Instructions to follow:
Write out, word for word, only the lines from the one containing "a woman standing" through the final line of the data.

Material for the task:
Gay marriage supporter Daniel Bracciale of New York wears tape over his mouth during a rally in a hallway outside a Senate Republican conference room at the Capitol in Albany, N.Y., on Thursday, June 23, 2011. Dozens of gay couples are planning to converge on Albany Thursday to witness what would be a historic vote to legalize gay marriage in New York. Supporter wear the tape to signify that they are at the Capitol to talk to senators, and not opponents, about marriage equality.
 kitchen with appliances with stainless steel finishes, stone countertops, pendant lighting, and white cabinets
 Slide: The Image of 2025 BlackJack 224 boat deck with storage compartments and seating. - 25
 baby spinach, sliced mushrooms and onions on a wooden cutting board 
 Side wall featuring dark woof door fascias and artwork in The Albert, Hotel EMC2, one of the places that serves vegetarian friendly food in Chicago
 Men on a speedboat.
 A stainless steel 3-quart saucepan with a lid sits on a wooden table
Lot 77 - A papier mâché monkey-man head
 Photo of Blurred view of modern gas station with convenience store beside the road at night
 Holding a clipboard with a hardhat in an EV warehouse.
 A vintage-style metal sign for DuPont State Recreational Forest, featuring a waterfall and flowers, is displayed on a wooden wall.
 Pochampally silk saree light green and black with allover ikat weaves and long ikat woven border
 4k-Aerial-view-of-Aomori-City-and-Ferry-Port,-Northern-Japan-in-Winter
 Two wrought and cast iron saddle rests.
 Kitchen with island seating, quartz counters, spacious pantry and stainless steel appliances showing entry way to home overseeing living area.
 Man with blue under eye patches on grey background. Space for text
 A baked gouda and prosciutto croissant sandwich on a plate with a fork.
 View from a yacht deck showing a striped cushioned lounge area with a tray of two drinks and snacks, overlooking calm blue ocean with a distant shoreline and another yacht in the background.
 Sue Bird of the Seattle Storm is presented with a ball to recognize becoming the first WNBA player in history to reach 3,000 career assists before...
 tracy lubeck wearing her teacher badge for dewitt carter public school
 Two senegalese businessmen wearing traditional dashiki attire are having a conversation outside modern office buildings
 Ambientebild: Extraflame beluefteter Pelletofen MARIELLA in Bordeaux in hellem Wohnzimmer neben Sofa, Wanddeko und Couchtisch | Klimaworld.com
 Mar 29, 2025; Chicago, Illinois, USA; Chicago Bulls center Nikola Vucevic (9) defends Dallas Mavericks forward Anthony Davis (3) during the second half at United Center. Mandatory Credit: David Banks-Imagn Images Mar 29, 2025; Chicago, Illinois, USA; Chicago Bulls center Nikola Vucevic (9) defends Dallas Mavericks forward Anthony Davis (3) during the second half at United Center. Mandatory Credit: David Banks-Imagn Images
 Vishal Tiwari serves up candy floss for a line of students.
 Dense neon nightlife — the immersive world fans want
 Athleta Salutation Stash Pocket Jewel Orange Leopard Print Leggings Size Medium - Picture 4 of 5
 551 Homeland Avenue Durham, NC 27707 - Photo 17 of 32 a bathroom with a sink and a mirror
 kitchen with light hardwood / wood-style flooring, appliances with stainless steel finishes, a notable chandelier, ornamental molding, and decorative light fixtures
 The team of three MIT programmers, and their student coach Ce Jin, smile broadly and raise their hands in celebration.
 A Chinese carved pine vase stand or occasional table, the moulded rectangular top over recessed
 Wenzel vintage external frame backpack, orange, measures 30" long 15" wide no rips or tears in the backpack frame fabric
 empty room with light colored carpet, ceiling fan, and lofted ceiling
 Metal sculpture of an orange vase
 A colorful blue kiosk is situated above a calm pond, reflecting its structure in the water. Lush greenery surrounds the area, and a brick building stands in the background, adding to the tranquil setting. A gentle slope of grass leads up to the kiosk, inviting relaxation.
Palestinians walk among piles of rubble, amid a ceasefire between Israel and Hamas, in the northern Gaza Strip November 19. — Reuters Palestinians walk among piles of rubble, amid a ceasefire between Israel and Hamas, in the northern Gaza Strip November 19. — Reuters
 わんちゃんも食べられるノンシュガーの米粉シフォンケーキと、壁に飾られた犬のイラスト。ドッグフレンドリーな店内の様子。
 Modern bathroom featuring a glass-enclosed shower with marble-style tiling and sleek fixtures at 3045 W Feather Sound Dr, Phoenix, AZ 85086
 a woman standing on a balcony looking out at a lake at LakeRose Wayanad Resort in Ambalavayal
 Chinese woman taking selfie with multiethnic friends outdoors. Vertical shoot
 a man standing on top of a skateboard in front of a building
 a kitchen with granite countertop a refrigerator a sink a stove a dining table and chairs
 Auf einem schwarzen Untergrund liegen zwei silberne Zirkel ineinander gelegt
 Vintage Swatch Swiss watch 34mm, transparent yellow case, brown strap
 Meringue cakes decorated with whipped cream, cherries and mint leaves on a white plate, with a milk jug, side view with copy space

Finished exercise:
 a woman standing on a balcony looking out at a lake at LakeRose Wayanad Resort in Ambalavayal
 Chinese woman taking selfie with multiethnic friends outdoors. Vertical shoot
 a man standing on top of a skateboard in front of a building
 a kitchen with granite countertop a refrigerator a sink a stove a dining table and chairs
 Auf einem schwarzen Untergrund liegen zwei silberne Zirkel ineinander gelegt
 Vintage Swatch Swiss watch 34mm, transparent yellow case, brown strap
 Meringue cakes decorated with whipped cream, cherries and mint leaves on a white plate, with a milk jug, side view with copy space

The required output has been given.